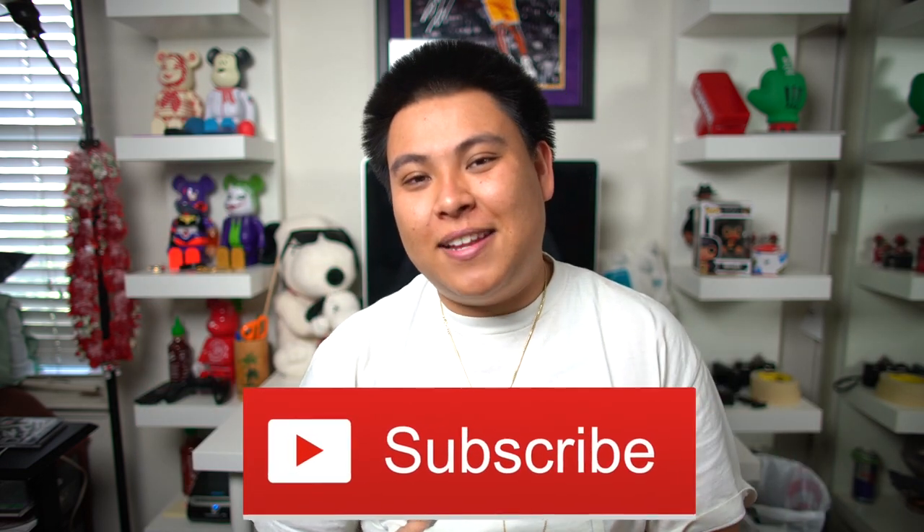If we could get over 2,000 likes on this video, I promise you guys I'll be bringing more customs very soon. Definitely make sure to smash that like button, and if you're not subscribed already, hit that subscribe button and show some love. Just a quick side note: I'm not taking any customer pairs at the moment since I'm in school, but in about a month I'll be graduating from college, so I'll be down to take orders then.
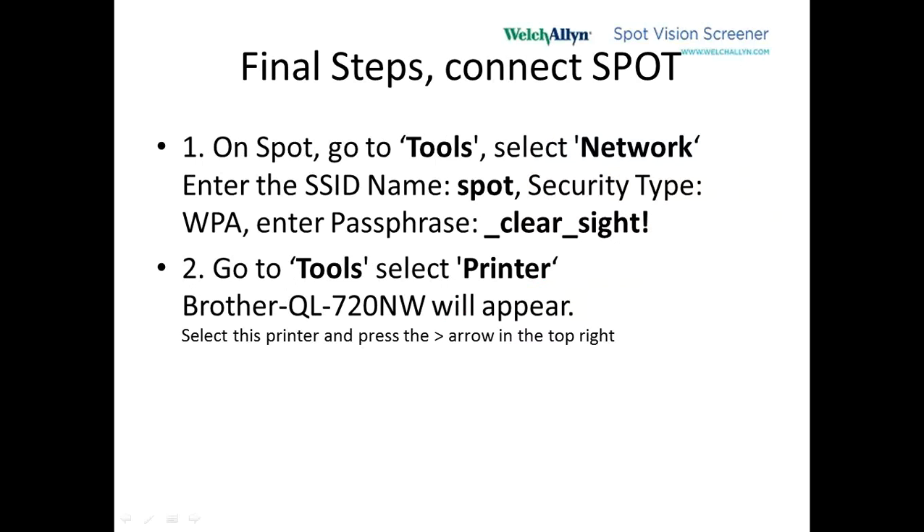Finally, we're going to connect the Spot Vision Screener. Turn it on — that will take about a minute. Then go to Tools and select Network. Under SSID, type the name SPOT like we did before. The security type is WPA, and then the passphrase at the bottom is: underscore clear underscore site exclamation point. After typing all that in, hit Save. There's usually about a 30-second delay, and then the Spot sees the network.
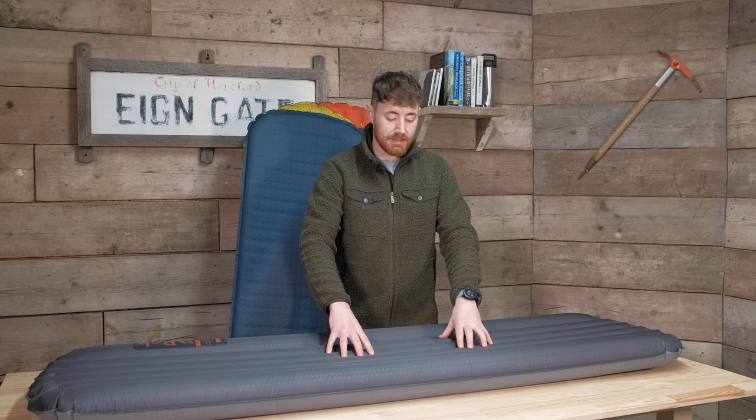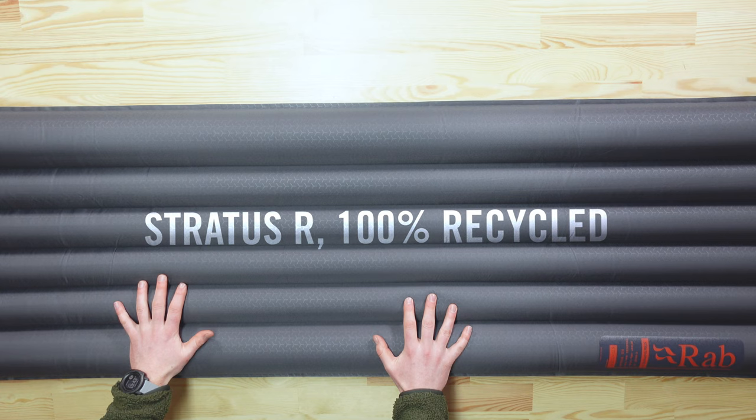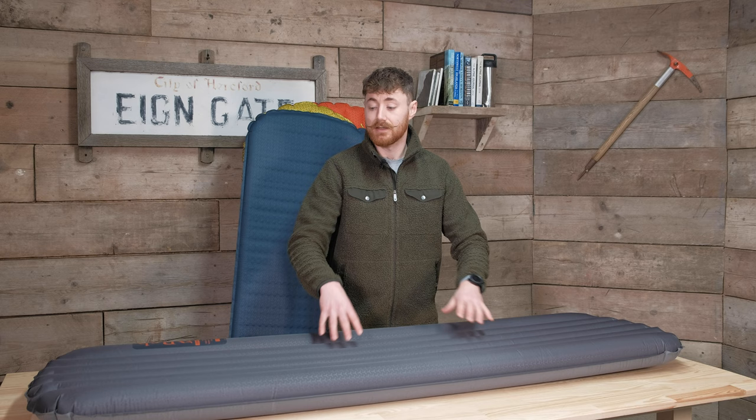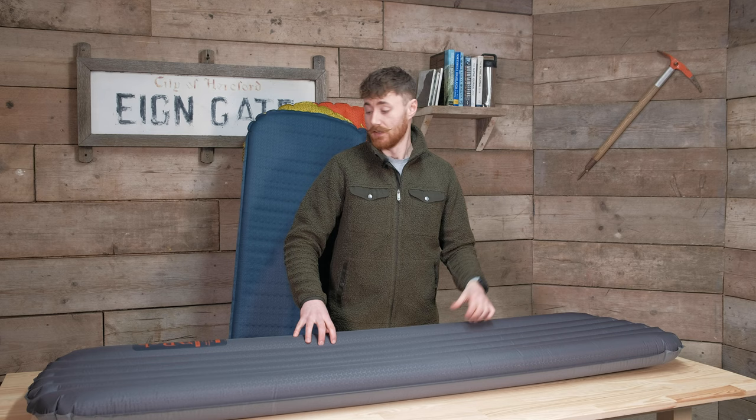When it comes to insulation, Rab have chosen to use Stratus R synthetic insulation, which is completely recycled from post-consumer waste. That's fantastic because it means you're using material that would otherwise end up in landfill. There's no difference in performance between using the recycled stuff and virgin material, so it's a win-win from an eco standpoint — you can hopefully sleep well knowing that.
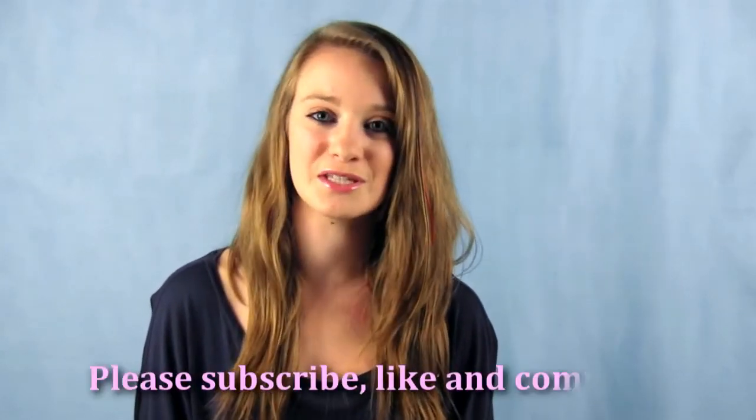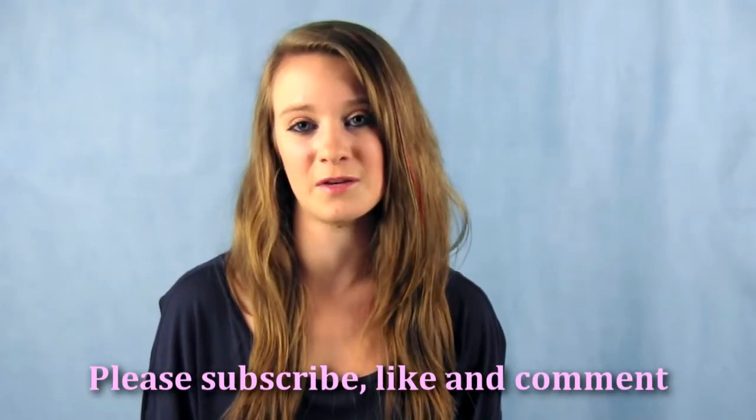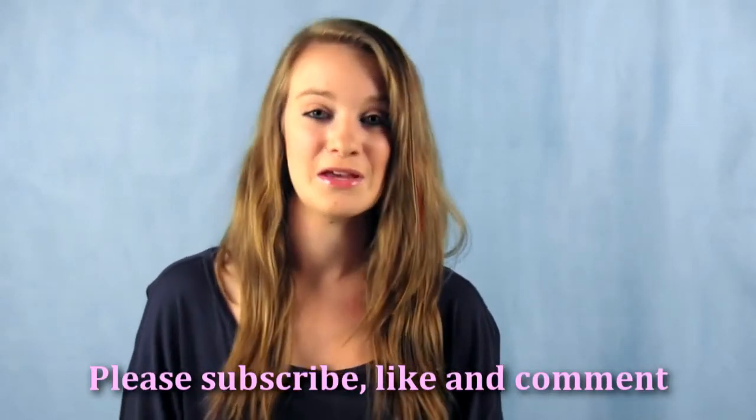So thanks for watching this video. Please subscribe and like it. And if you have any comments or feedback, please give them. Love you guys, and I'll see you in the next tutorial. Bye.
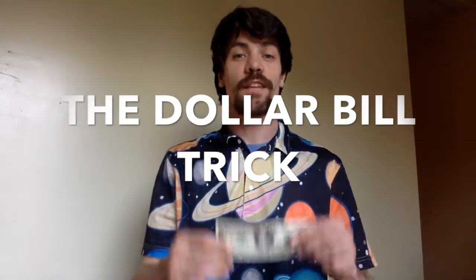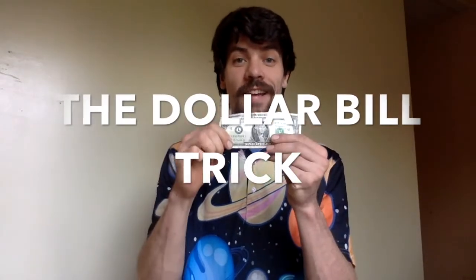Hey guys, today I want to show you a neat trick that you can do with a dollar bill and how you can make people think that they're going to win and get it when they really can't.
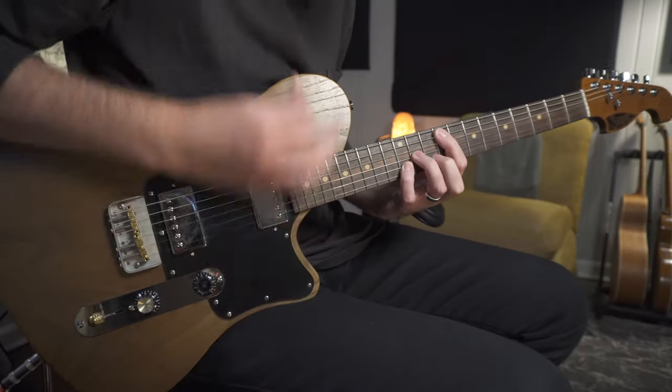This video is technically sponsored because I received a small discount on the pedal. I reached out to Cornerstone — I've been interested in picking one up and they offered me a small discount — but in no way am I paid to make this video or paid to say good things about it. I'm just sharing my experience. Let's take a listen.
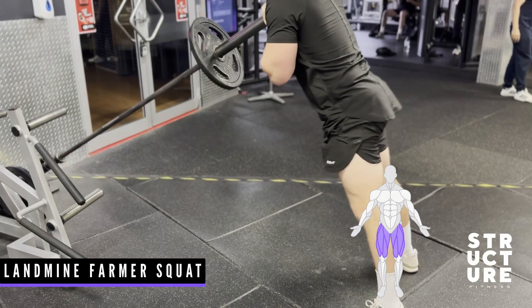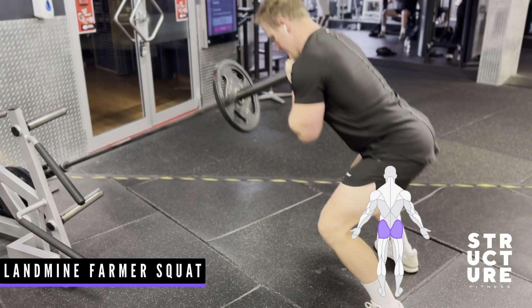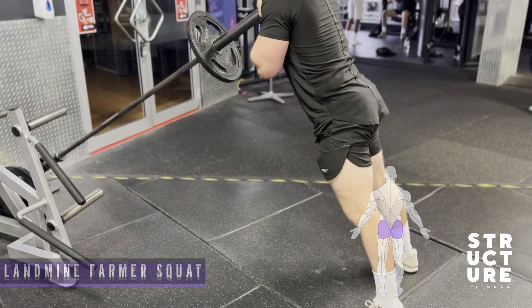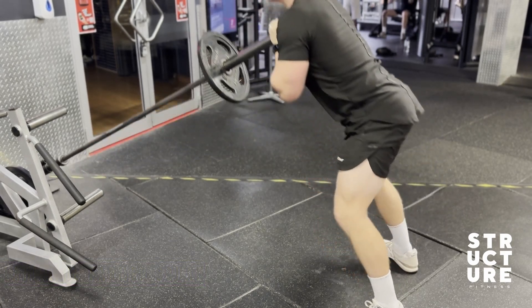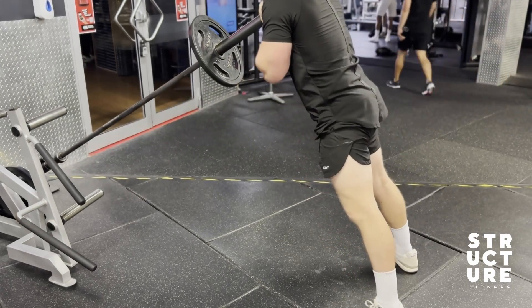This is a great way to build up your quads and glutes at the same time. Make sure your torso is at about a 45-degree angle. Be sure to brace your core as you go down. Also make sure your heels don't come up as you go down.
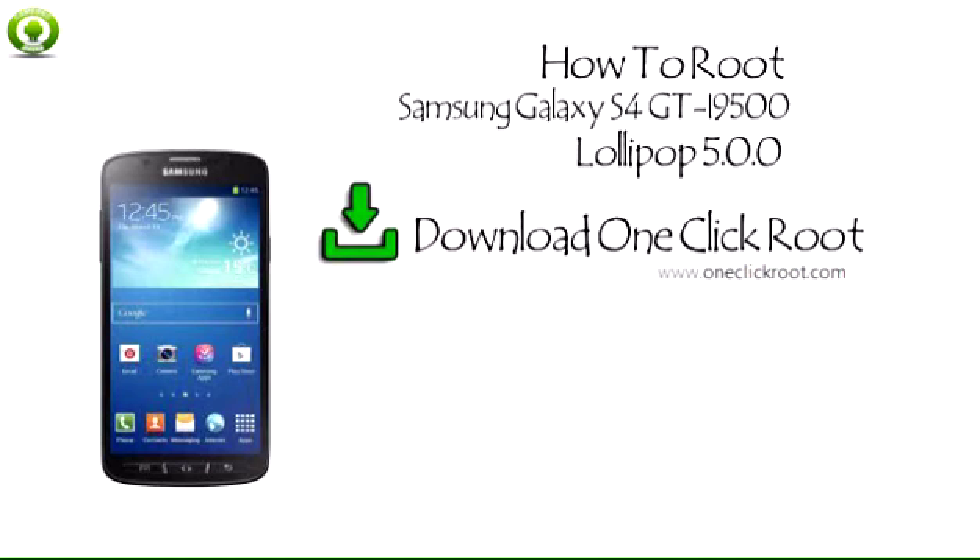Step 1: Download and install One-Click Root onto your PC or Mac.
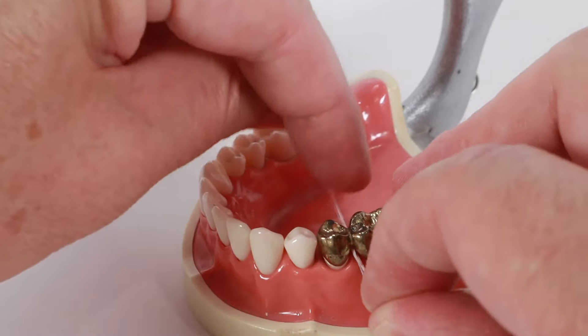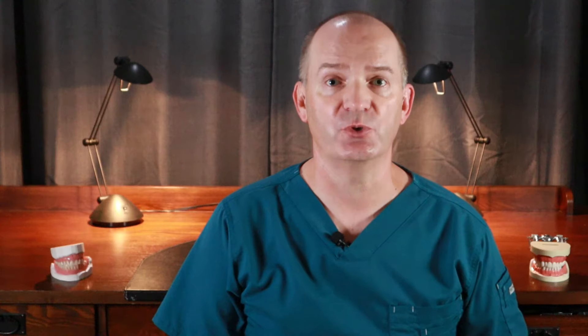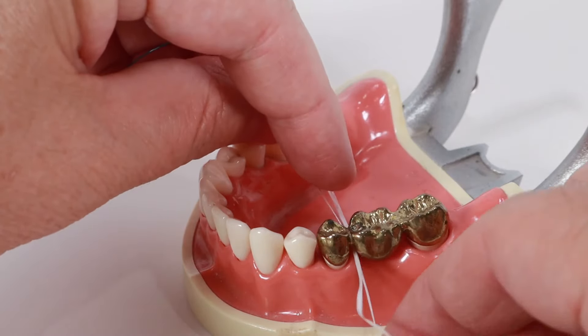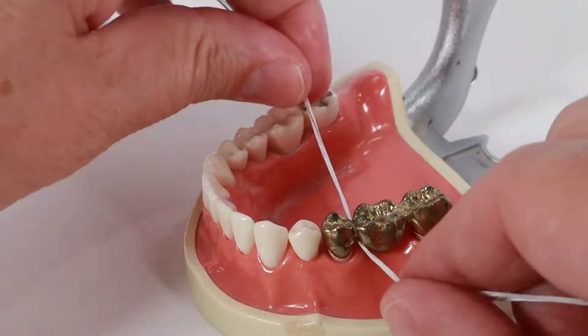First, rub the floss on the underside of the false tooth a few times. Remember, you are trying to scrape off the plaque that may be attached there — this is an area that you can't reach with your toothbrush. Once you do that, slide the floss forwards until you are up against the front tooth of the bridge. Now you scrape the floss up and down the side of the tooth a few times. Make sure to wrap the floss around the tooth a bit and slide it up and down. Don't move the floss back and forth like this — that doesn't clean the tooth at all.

:::::

Your task:
With the pictures removed, return all the entries exactly.

Solution for this task:
If we could get over 2,000 likes on this video, I promise you guys I'll be bringing more customs very soon. Definitely make sure to smash that like button, and if you're not subscribed already, hit that subscribe button and show some love. Just a quick side note: I'm not taking any customer pairs at the moment since I'm in school, but in about a month I'll be graduating from college, so I'll be down to take orders then.
Finally, we're going to connect the Spot Vision Screener. Turn it on — that will take about a minute. Then go to Tools and select Network. Under SSID, type the name SPOT like we did before. The security type is WPA, and then the passphrase at the bottom is: underscore clear underscore site exclamation point. After typing all that in, hit Save. There's usually about a 30-second delay, and then the Spot sees the network.
When it comes to insulation, Rab have chosen to use Stratus R synthetic insulation, which is completely recycled from post-consumer waste. That's fantastic because it means you're using material that would otherwise end up in landfill. There's no difference in performance between using the recycled stuff and virgin material, so it's a win-win from an eco standpoint — you can hopefully sleep well knowing that.
So thanks for watching this video. Please subscribe and like it. And if you have any comments or feedback, please give them. Love you guys, and I'll see you in the next tutorial. Bye.
Hey guys, today I want to show you a neat trick that you can do with a dollar bill and how you can make people think that they're going to win and get it when they really can't.
This video is technically sponsored because I received a small discount on the pedal. I reached out to Cornerstone — I've been interested in picking one up and they offered me a small discount — but in no way am I paid to make this video or paid to say good things about it. I'm just sharing my experience. Let's take a listen.
This is a great way to build up your quads and glutes at the same time. Make sure your torso is at about a 45-degree angle. Be sure to brace your core as you go down. Also make sure your heels don't come up as you go down.
Step 1: Download and install One-Click Root onto your PC or Mac.
First, rub the floss on the underside of the false tooth a few times. Remember, you are trying to scrape off the plaque that may be attached there — this is an area that you can't reach with your toothbrush. Once you do that, slide the floss forwards until you are up against the front tooth of the bridge. Now you scrape the floss up and down the side of the tooth a few times. Make sure to wrap the floss around the tooth a bit and slide it up and down. Don't move the floss back and forth like this — that doesn't clean the tooth at all.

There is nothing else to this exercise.